**TASK ITEM**
If a line below contains the word "Руль", count it. Please give the total and nothing else.

**Caption-style text data**
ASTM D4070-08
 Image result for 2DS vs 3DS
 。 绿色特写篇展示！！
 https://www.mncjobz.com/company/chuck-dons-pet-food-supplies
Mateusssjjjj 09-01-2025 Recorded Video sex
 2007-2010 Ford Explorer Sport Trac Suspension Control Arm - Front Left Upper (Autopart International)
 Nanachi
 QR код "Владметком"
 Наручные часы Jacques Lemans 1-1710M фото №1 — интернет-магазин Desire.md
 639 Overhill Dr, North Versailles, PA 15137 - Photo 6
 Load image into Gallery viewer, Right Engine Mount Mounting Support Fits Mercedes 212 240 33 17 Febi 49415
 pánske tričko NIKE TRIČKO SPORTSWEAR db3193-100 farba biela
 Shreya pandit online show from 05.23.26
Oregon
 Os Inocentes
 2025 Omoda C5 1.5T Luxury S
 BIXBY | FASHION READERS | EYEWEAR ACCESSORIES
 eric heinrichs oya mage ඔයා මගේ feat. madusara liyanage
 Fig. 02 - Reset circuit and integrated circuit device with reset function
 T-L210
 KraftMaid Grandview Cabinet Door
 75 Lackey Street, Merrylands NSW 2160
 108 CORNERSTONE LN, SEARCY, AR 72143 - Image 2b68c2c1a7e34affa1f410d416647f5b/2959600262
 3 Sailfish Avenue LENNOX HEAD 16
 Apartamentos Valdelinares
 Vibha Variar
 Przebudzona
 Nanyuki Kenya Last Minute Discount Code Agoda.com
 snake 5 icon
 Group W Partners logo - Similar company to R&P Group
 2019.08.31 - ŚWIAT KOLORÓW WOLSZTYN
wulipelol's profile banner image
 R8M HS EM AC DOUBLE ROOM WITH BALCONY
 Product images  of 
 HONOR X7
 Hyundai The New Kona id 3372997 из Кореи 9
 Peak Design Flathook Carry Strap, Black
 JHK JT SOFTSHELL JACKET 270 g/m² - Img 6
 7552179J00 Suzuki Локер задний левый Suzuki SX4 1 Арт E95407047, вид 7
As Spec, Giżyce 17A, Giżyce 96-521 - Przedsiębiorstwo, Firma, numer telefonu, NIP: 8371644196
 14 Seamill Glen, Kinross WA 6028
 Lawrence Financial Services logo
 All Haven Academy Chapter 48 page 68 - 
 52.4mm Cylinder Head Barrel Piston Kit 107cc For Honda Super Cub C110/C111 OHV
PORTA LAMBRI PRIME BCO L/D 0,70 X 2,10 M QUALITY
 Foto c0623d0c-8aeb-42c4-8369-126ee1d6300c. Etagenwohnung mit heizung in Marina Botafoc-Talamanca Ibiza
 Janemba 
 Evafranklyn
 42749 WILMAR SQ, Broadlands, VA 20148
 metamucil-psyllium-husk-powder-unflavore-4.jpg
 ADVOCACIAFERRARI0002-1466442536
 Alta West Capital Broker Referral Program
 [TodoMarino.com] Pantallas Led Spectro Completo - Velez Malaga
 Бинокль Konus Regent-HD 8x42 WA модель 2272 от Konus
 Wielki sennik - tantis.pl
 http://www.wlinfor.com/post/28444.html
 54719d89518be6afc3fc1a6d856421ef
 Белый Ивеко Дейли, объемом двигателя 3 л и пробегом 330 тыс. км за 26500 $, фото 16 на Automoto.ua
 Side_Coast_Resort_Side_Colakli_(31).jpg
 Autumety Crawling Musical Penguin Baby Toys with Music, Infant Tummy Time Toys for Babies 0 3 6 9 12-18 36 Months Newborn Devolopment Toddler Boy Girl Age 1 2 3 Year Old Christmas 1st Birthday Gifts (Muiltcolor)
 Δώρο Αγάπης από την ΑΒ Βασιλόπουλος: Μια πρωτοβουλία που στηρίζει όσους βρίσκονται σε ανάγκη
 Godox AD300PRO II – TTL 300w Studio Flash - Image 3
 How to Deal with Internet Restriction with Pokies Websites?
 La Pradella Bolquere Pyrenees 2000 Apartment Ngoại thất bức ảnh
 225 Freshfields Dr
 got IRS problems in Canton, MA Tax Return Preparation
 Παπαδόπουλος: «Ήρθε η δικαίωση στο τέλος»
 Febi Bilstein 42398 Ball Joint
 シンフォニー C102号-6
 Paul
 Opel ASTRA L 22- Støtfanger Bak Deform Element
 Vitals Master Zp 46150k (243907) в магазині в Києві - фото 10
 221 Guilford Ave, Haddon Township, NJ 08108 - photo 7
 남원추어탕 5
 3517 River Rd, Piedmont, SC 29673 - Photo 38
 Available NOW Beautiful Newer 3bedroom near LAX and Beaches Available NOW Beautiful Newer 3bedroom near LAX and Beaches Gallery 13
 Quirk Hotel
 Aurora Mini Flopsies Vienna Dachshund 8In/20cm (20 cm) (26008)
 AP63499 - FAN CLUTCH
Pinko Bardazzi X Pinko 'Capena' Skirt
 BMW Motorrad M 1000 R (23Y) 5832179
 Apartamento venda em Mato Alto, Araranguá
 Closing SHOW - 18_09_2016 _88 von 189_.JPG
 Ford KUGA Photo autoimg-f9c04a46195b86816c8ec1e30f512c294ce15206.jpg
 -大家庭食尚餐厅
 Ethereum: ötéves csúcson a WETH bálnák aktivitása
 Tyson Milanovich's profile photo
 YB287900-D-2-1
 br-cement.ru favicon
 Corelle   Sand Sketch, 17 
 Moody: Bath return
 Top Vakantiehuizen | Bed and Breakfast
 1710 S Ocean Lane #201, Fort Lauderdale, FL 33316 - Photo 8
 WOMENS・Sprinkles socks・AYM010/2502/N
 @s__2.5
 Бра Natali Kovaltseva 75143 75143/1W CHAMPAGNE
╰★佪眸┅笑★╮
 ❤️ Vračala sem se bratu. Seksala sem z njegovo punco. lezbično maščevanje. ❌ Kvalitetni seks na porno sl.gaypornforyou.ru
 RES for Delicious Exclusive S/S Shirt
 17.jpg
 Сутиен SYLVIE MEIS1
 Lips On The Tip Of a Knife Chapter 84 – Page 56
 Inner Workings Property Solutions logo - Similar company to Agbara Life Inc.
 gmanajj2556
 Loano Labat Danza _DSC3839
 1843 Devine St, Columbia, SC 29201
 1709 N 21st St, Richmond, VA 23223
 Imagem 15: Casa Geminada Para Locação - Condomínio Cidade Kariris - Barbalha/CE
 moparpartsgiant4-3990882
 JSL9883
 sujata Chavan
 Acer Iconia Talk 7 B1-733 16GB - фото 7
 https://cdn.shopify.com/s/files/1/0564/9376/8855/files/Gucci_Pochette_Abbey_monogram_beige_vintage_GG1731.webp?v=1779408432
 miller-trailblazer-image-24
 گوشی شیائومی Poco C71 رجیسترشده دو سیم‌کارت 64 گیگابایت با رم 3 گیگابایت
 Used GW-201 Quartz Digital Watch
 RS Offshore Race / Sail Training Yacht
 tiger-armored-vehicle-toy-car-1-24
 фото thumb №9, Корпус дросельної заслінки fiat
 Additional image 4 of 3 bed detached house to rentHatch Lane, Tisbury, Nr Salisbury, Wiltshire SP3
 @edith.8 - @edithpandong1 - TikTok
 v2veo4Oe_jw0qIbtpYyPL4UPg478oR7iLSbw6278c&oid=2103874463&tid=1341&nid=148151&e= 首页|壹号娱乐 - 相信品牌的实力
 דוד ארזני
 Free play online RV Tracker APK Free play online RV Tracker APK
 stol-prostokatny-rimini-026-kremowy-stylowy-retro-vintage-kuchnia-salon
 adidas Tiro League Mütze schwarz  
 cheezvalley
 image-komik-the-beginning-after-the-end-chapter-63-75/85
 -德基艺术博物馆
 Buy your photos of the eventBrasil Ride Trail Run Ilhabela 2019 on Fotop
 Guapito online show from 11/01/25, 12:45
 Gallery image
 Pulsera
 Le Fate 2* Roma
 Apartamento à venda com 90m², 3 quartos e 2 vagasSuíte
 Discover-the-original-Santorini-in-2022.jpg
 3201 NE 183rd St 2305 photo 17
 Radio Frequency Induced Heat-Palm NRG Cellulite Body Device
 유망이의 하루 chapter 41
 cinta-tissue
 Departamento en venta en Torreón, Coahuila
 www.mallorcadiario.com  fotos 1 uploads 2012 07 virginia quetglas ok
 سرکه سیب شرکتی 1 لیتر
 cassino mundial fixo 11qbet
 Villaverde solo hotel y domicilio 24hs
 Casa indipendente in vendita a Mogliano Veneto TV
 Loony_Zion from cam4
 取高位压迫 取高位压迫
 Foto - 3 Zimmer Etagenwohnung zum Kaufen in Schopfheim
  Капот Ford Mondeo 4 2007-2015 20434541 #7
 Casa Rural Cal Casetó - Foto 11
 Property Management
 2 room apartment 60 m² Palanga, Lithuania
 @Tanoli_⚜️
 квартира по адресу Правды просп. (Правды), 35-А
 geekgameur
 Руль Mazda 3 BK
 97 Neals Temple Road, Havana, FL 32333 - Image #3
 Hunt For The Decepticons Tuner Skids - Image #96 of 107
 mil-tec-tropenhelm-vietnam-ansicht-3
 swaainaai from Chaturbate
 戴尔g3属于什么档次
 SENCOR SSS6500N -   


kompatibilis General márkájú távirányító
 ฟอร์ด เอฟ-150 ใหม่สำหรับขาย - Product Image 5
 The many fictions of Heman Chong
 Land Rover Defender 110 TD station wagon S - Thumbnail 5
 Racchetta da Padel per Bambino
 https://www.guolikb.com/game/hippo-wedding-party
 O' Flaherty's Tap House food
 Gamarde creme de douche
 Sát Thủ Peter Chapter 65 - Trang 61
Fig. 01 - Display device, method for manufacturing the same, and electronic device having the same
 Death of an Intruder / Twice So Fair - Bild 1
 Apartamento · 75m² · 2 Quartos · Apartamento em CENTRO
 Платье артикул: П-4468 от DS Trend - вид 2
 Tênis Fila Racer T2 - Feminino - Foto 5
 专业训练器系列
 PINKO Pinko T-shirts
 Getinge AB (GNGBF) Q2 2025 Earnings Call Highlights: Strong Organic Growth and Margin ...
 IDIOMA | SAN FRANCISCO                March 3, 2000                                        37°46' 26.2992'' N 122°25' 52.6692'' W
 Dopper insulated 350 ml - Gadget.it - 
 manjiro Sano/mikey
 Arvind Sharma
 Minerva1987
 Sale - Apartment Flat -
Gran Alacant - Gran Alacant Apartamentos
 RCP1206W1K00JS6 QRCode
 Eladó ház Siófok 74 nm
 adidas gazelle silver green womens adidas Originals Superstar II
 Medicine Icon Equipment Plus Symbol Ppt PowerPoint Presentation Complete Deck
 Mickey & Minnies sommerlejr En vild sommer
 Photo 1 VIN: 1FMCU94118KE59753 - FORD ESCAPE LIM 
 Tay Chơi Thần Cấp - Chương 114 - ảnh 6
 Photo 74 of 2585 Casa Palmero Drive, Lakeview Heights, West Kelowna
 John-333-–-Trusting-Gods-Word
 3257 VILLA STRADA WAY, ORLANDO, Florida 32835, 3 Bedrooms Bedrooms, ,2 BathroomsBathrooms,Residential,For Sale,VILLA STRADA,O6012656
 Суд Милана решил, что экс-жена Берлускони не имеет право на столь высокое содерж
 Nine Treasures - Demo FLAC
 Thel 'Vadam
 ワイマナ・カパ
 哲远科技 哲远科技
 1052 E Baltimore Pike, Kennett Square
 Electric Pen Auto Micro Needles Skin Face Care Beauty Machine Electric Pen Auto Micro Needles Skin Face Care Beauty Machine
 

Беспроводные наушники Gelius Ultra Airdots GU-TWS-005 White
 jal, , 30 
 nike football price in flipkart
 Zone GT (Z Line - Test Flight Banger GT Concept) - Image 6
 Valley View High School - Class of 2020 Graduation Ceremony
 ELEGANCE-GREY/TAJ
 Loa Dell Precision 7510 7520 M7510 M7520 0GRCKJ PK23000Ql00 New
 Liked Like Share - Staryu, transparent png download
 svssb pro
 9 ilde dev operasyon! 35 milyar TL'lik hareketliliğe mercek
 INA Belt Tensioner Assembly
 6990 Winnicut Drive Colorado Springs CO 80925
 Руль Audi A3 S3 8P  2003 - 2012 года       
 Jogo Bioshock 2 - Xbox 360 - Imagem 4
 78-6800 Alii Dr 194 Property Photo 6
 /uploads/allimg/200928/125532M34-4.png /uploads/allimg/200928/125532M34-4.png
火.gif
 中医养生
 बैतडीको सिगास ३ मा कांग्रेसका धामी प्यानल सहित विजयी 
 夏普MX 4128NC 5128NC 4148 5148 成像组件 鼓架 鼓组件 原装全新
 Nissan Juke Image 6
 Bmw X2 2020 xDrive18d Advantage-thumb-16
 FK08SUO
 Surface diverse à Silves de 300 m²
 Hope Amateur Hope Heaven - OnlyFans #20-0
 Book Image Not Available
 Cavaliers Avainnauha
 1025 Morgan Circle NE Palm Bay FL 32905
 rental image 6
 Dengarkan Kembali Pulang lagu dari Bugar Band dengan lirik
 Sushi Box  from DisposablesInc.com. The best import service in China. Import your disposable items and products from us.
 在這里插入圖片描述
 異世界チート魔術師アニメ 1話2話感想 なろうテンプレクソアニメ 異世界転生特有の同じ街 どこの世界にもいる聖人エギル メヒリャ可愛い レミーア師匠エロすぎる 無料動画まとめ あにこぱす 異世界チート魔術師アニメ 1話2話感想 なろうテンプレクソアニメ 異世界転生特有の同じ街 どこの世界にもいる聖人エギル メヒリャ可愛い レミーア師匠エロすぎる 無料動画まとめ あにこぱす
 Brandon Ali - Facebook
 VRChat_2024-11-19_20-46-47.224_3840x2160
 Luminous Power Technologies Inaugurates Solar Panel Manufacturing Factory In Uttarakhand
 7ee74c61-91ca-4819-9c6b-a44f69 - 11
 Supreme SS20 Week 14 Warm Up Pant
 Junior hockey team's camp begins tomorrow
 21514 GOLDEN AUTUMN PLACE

**EXPECTED OUTPUT**
2